Compute Engine with GPU

Terminal window
gcloud compute instances create layerscale-server \
--zone=us-central1-a \
--machine-type=g2-standard-8 \
--accelerator=type=nvidia-l4,count=1 \
--image-family=common-cu124-debian-11 \
--image-project=deeplearning-platform-release \
--boot-disk-size=200GB \
--metadata=install-nvidia-driver=True

Then SSH in and run Docker as above.

GKE with GPU

Node pool:

Terminal window
gcloud container node-pools create gpu-pool \
--cluster=your-cluster \
--zone=us-central1-a \
--machine-type=g2-standard-8 \
--accelerator=type=nvidia-l4,count=1 \
--num-nodes=1

Kubernetes deployment:

apiVersion: apps/v1
kind: Deployment
metadata:
name: layerscale
spec:
replicas: 1
selector:
matchLabels:
app: layerscale
template:
metadata:
labels:
app: layerscale
spec:
containers:
- name: layerscale
image: layerscale/layerscale:latest
ports:
- containerPort: 8080
env:
- name: LAYERSCALE_LICENSE_KEY
valueFrom:
secretKeyRef:
name: layerscale-secrets
key: license-key
args:
- "--model"
- "meta-llama/Llama-3.1-8B-Instruct"
- "--ctx-size"
- "16384"
- "--log-format"
- "json"
resources:
limits:
nvidia.com/gpu: 1
memory: 32Gi
livenessProbe:
httpGet:
path: /health
port: 8080
initialDelaySeconds: 120
periodSeconds: 30
readinessProbe:
httpGet:
path: /v1/health
port: 8080
initialDelaySeconds: 120
periodSeconds: 10
tolerations:
- key: nvidia.com/gpu
operator: Exists
effect: NoSchedule
---
apiVersion: v1
kind: Service
metadata:
name: layerscale
spec:
selector:
app: layerscale
ports:
- port: 80
targetPort: 8080
type: LoadBalancer

Health Checks

LayerScale exposes two health endpoints:

EndpointReturns 200 When
GET /healthServer is running and model is loaded
GET /v1/healthSame (OpenAI-compatible path)

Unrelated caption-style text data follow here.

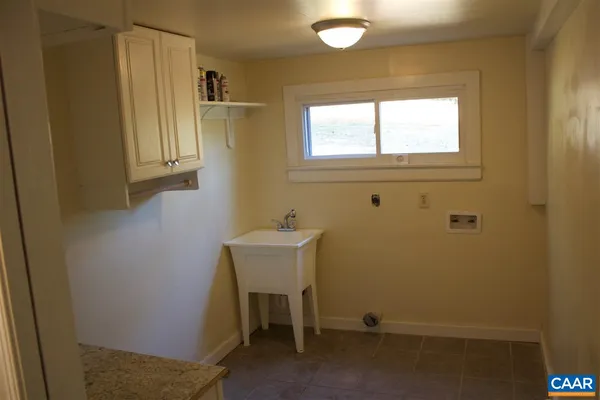 a view of a hallway with wooden floor and entryway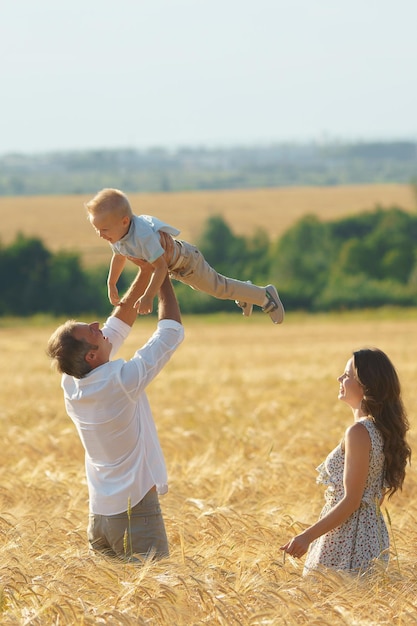 Parents happiness father playing with son on the wheat field Family walking with child outdoor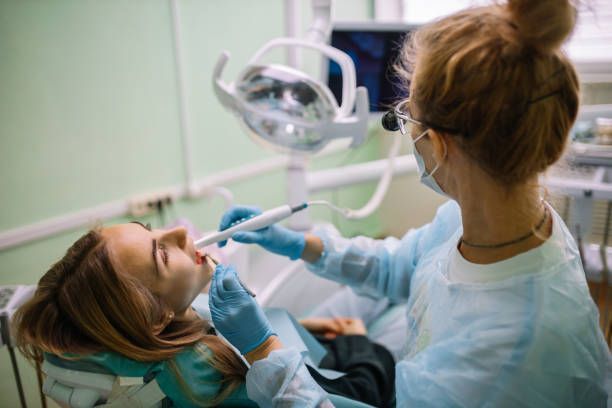 Lapeer Family Dental offers dentist services in Metamora, ID, showing a dentist doing a dental checkup on a female patient.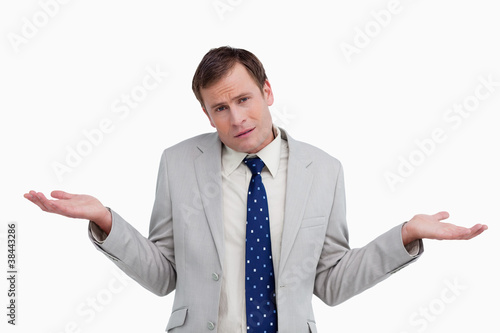 Photo: Close up of businessman having no idea Close up of businessman having no idea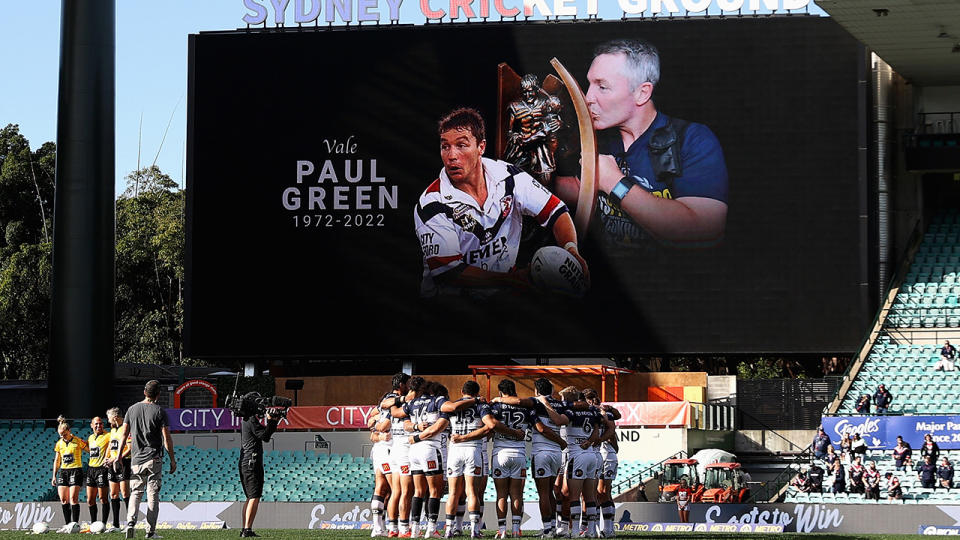 Cowboys players are seen huddled together beneath a screen displaying a tribute to Paul Green.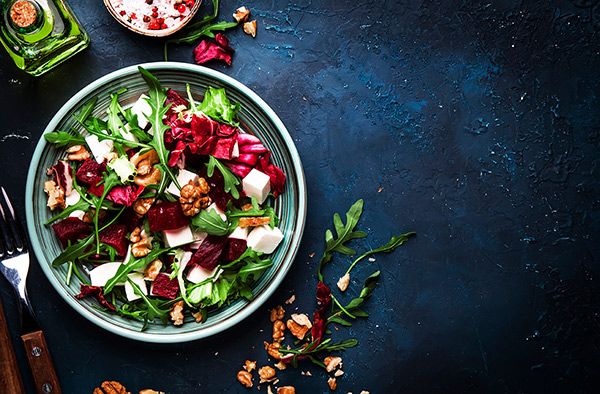 rocket, beet and feta cheese salad with red cabbage and walnuts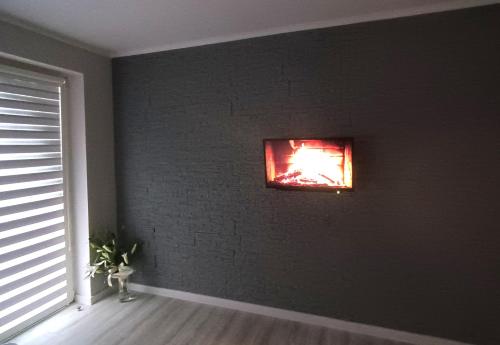 a black room with a fire in a window at WRN APARTAMENTY in Kalisz
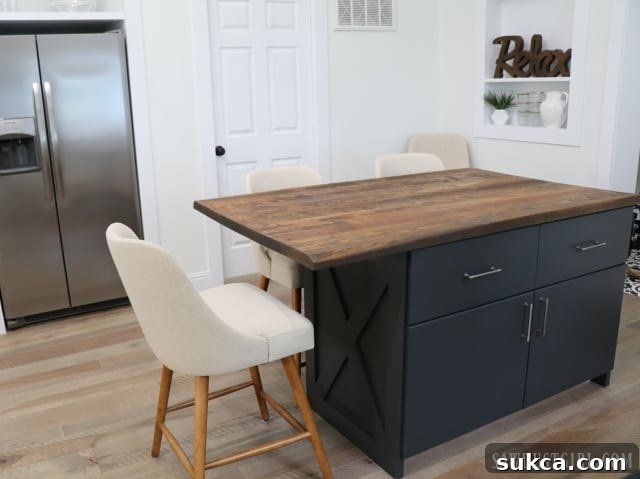 Kitchen island detail, highlighting reclaimed wood top, leading towards master suite entrance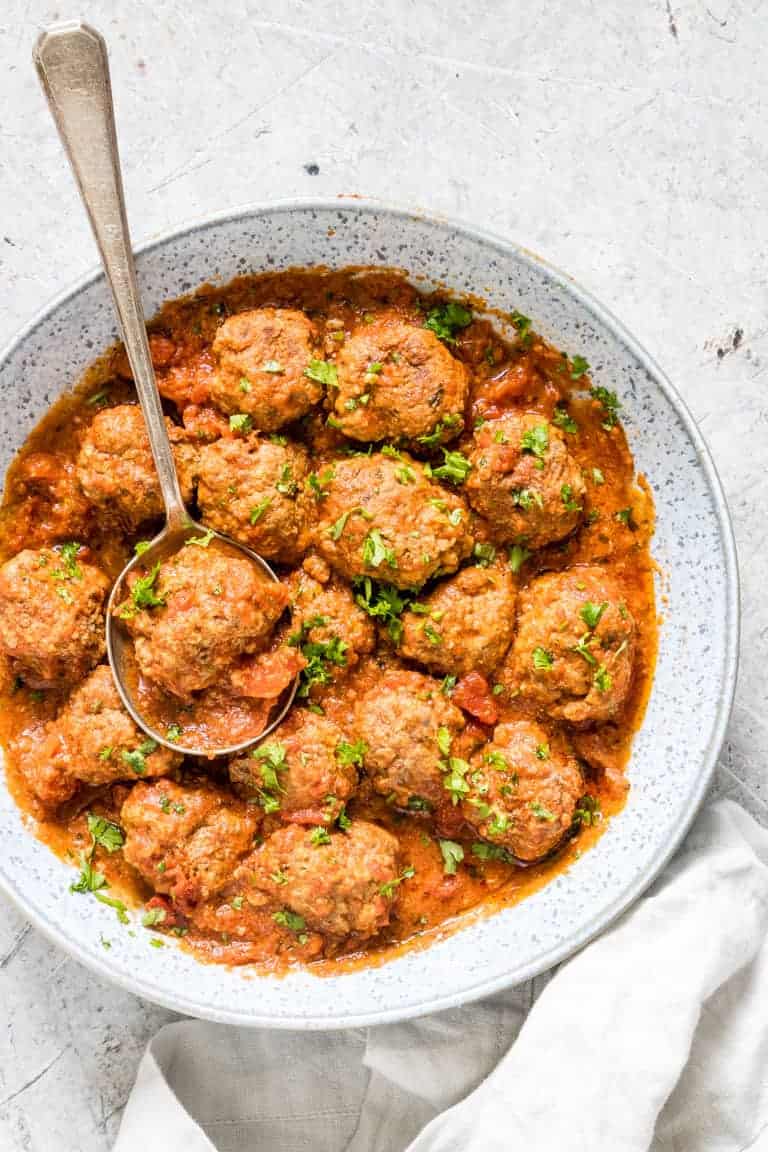 meatballs in a sauce in a bowl - cheap keto recipes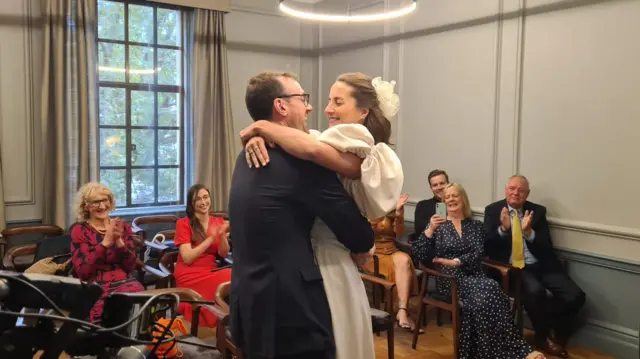 Oliver and Georgina embrace in front of beaming guests at the town hall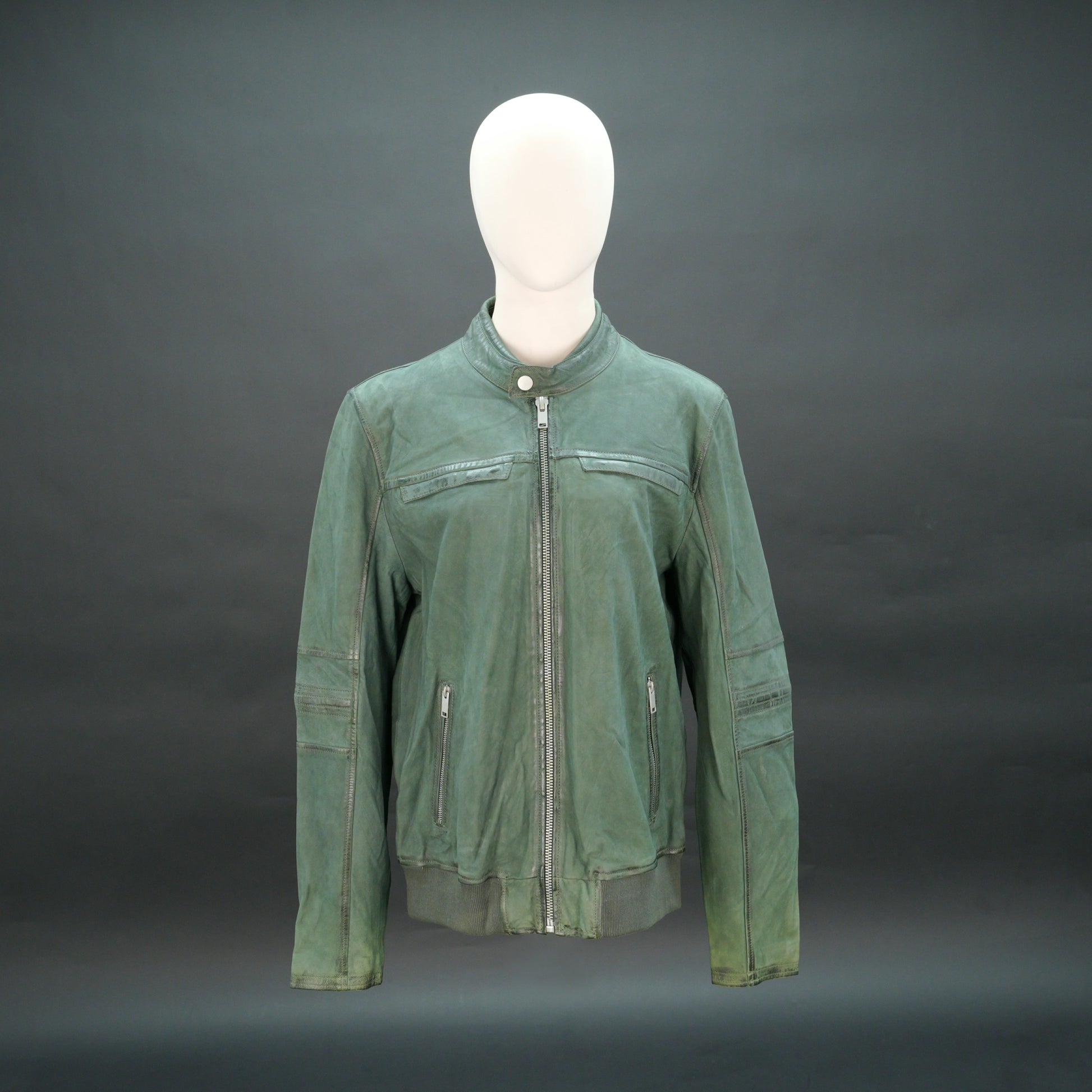 Green leather jacket with mandarin collar, zip closure, and slim fit.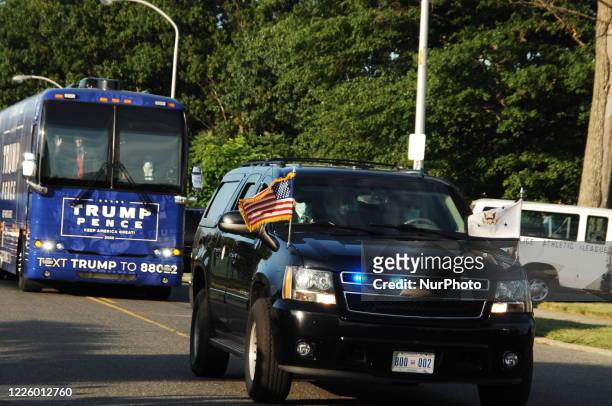 Vice President Mike pence waves at his supporters as he passes by in his campaign motorcade in Philadelphia, PA, on July 9, 2020.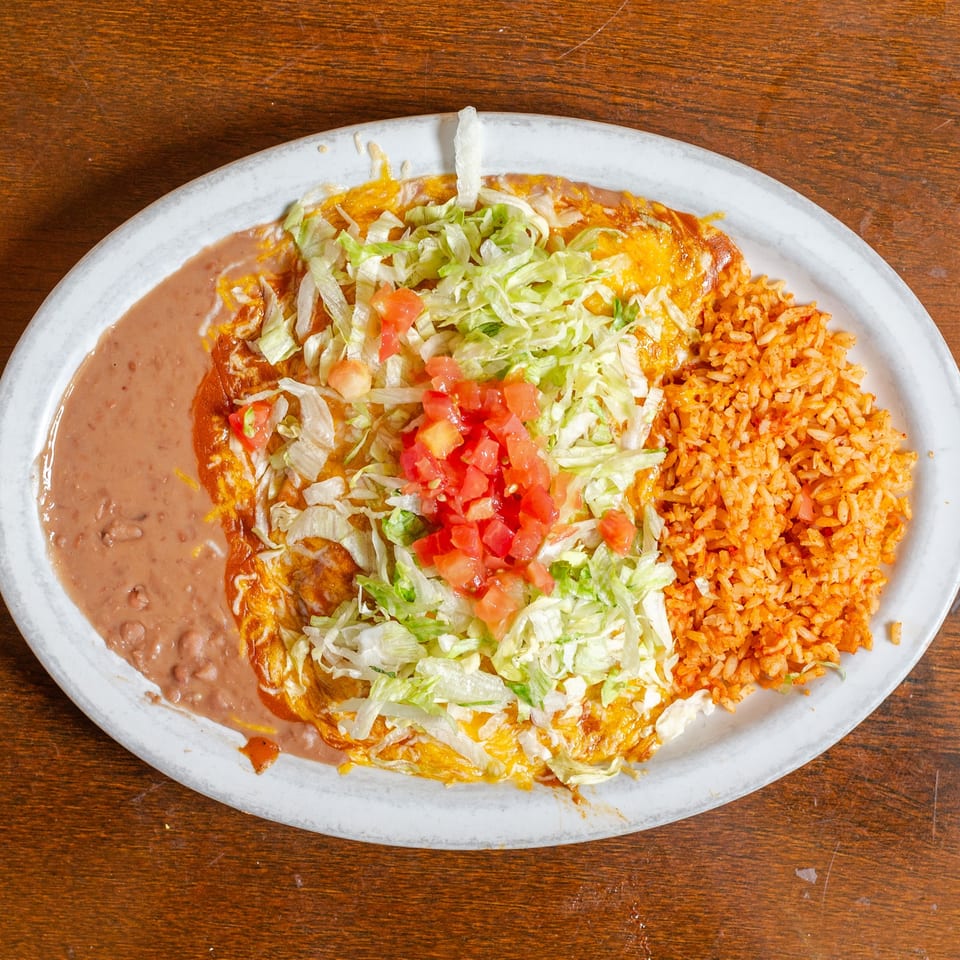 A white oval plate holds a Mexican dish with refried beans, enchiladas topped with lettuce and tomatoes, and orange rice.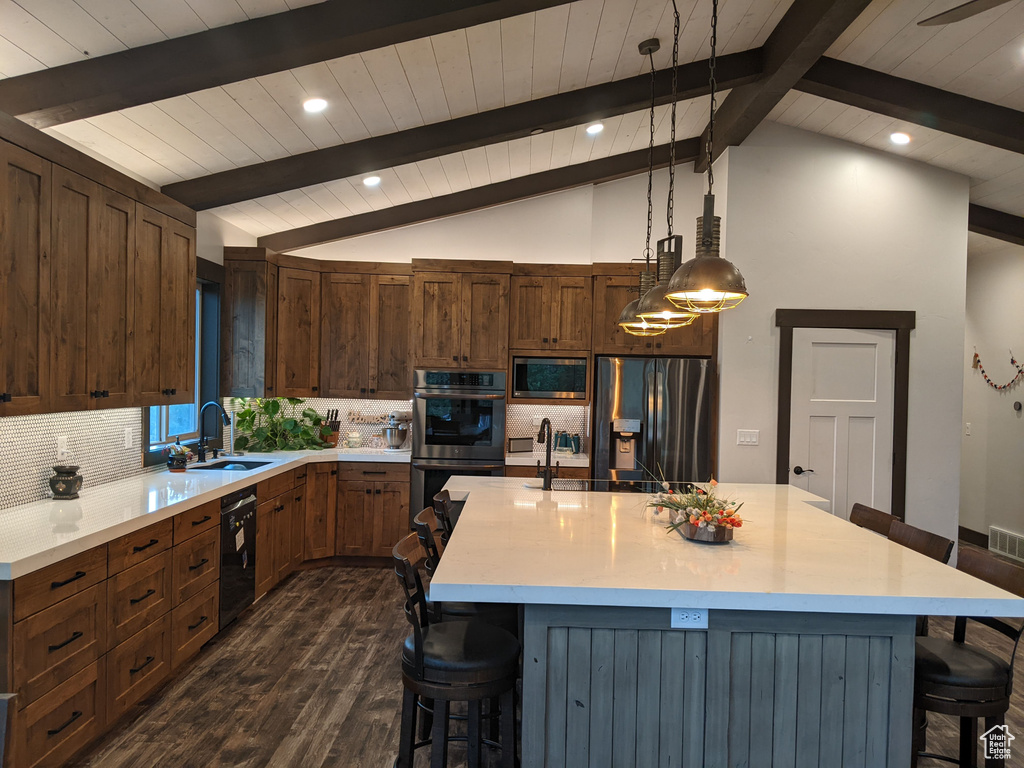 Kitchen with a kitchen island, dark wood-type flooring, sink, stainless steel appliances, and pendant lighting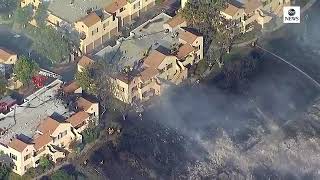Wildfires threaten homes in Santa Clarita, California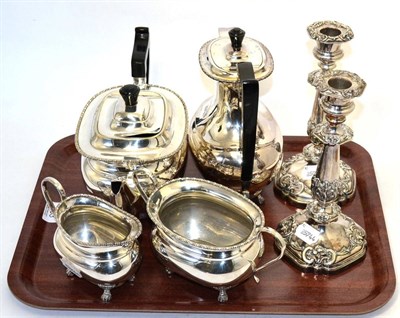 Lot 183 - A pair of Sheffield plate candlesticks and a teaset (6)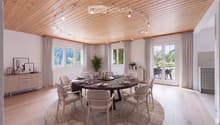 A modern dining room with a round wooden dining table surrounded by six chairs, set with plates, cutlery, and glasses. The room features light wooden flooring, white walls, large windows with curtains, and a sleek cabinet with decorative items. A potted p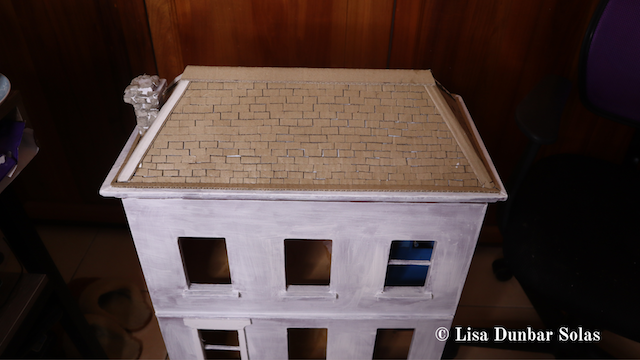 Revealing the exterior of the dollhouse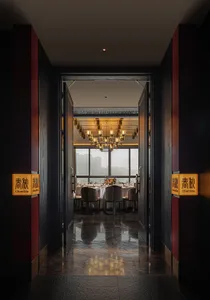 Modern, industrial-themed restaurant interior with marble flooring, large windows overlooking a cityscape, and a warm, inviti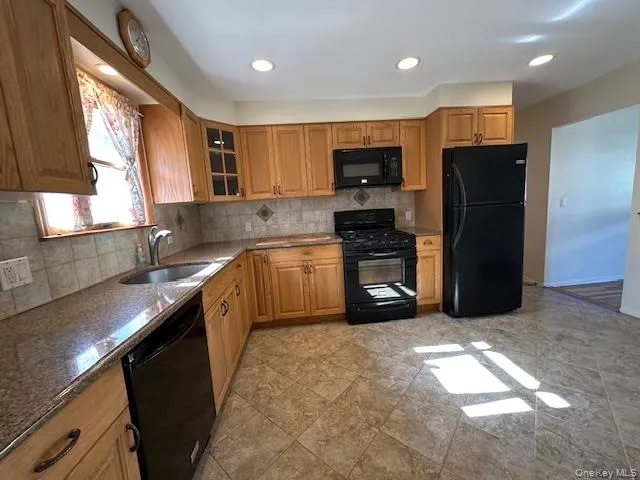 Kitchen featuring tasteful backsplash, black appliances, dark stone countertops, glass insert cabinets, and recessed lighting Kitchen featuring tasteful backsplash, black appliances, dark stone countertops, glass insert cabinets, and recessed lighting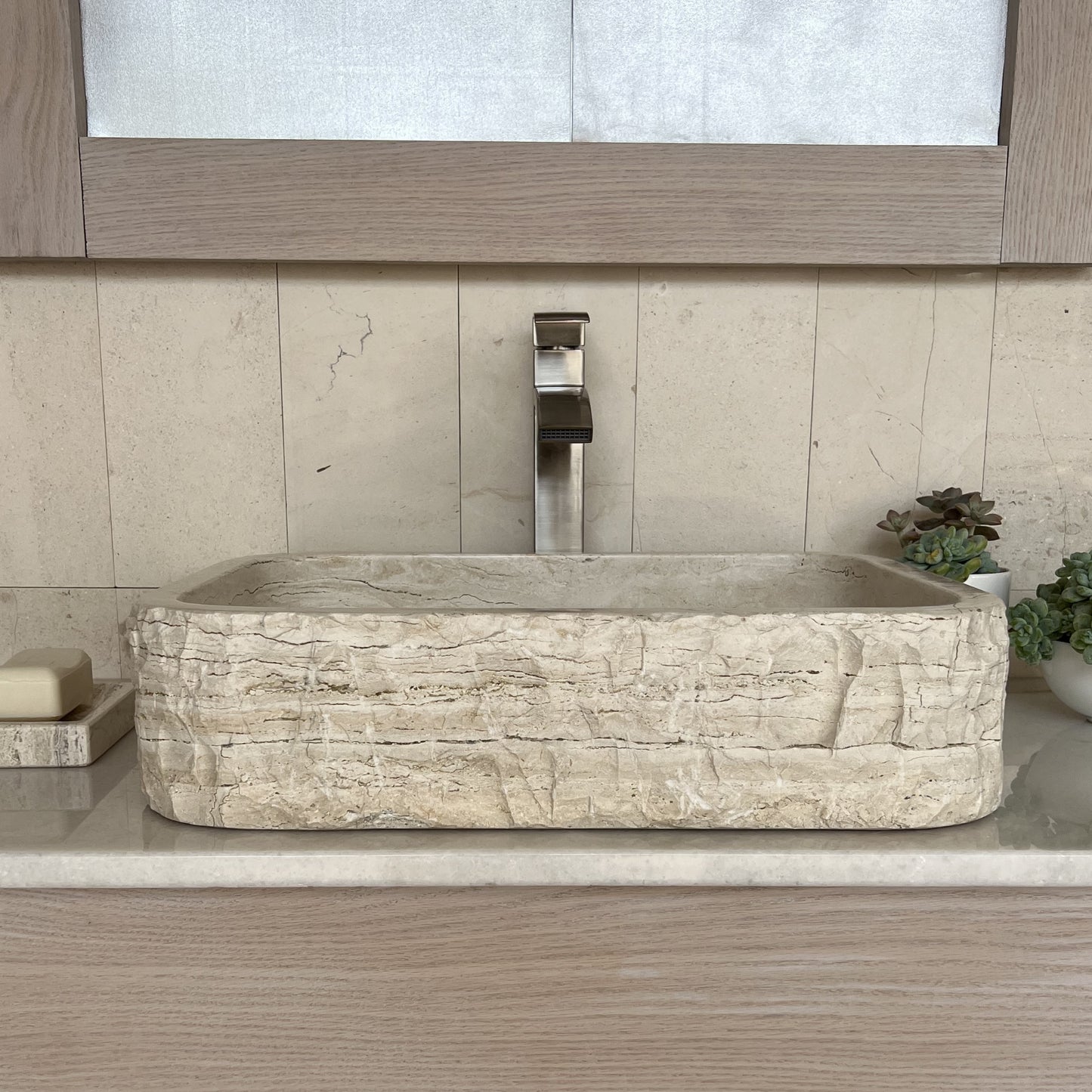 Straight-on view of a rectangular natural stone bathroom basin made of beige travertine, highlighting the heavy chiseled rustic finish on its front wall, styled with a modern silver faucet and matching stone tile.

Both return HTTP 503 while the model is still loading. Configure your orchestrator’s health check with a generous start period (120-300 seconds) to allow for model loading.

Security

Network

  • Bind to 0.0.0.0 inside the container (default) but expose only on trusted networks
  • Use a reverse proxy (nginx, Caddy) for TLS termination
  • Restrict access with firewall rules or security groups

License Key

Store the license key securely:

Terminal window
# Docker: use environment variable
-e LAYERSCALE_LICENSE_KEY=your-key
# Docker Compose: use .env file
echo "LAYERSCALE_LICENSE_KEY=your-key" >> .env
# Kubernetes: use a Secret
kubectl create secret generic layerscale-secrets --from-literal=license-key=your-key

Never commit the license key to version control.